You are viewing a plain text version of this content. The canonical link for it is here.
Posted to dev@arrow.apache.org by Dimitri Vorona <al...@googlemail.com.INVALID> on 2018/07/03 11:11:33 UTC

Uninitialized buffer memory leads to buffer warnings

Hi all,

currently, running json-integration-test with valgrind leads to the
following warning: "Syscall param write(buf) points to uninitialised
byte(s)". This is caused by PrimitiveBufferBuilder not initializing its
data memory. Note: we initialize null_bitmap_data_ by zeroing, i.e. setting
all values to not-null by default.

Since having tests pass valgrind might be desirable for the CI, I think we
should fix this warning. There are a couple of possibilities:

1. Add suppression. The specs doesn't require padding to have a specific
value, so we might consider it to be false positive
2. Add initialization of the padding bytes to ArrayBuilder::FinishIntenal
implementations.
3. Generally zero-initialize memory in PoolBuffer. Might be too expensive.

Or course there could be number of other options, includeing "do nothing".
If we settle on a best option, I can make a PR.

Cheers,
Dimitri.

Re: Uninitialized buffer memory leads to buffer warnings

Posted by Wes McKinney <we...@gmail.com>.
hi Dimitri,

On Mon, Jul 9, 2018 at 4:12 AM, Dimitri Vorona
<al...@googlemail.com.invalid> wrote:
> Hi all,
>
> now that PR 2216 has been merged, many of the mentioned problems have been
> alleviated. To prevent similar problems, I'll add, as Philipp suggested, a
> debug-build check to the buffer builders, which ensures that the finish
> method has been called before the builder destructs.

Great, this sounds useful. The downside to this is that it would cause
debug builds to terminate if the builder is destructed for some other
reason. It might be better to just have logging output in debug builds
rather than a DCHECK

>
> Unfortunately, not every buffer is built with the builders. Since the
> buffers are allocated uninitialized, it's really easy to forget about
> padding. The Copy method of the buffer, for example, leaves the padding of
> the target buffer uninitialized, except in the rare case where size_ ==
> capacity_. Basically, before a newly allocated buffer is used, you have to
> make sure it's zero padded.

Thank you for catching this; I agree we should always zero the bytes
between size_ and capacity_. We could go even further by putting this
logic in the buffer implementations (Resize, etc.)

>
> I experimented with changing Buffer::data method's semantics to check if
> the buffer is zero padded in the debug builds.
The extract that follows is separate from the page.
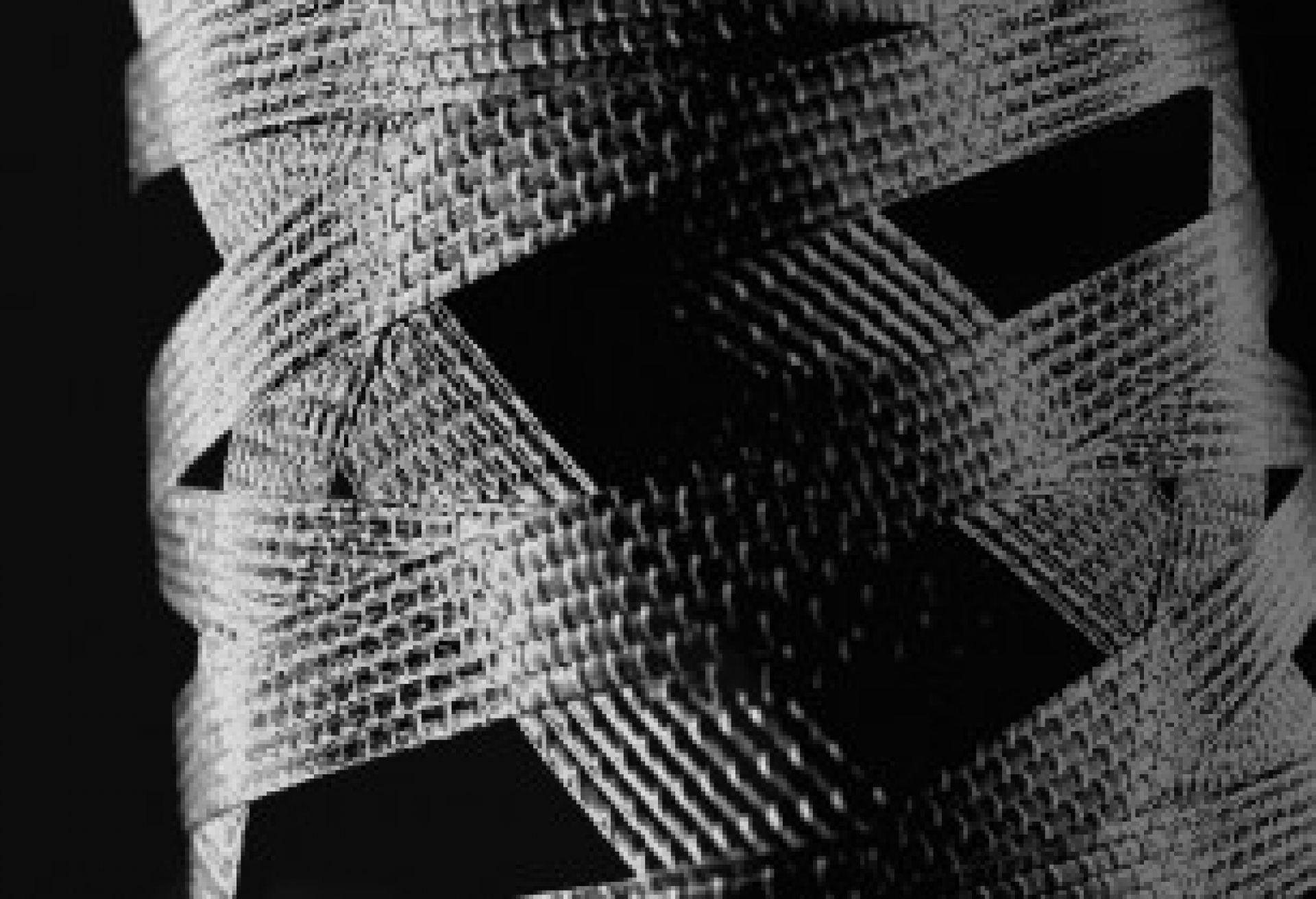 Detailaufnahme der Tress Grande Stehleuchte von Foscarini in Schwarz, geflochtene Optik, modernes Design.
It turned up a number of
> problems (the ray one including), but also a great deal of false positives,
> so I'm not sure if it's the right way forward.
>
> I think we should at least add a AllocateBufferZeroPadded method and make
> explicit, that you should use it, if you don't plan on resizing the buffer
> after allocation. Also, a Buffer::ZeroPadding method which memsets
> everything between size_ and capacity_ to 0 might be useful, since it would
> catch programmers attention to the need. Possible checks can then be added
> as needed.

Sounds good to me. Thank you for looking into this.

>
> Cheers,
> Dimitri.

Re: Uninitialized buffer memory leads to buffer warnings

Posted by Dimitri Vorona <al...@googlemail.com.INVALID>.
Hi all,

now that PR 2216 has been merged, many of the mentioned problems have been
alleviated. To prevent similar problems, I'll add, as Philipp suggested, a
debug-build check to the buffer builders, which ensures that the finish
method has been called before the builder destructs.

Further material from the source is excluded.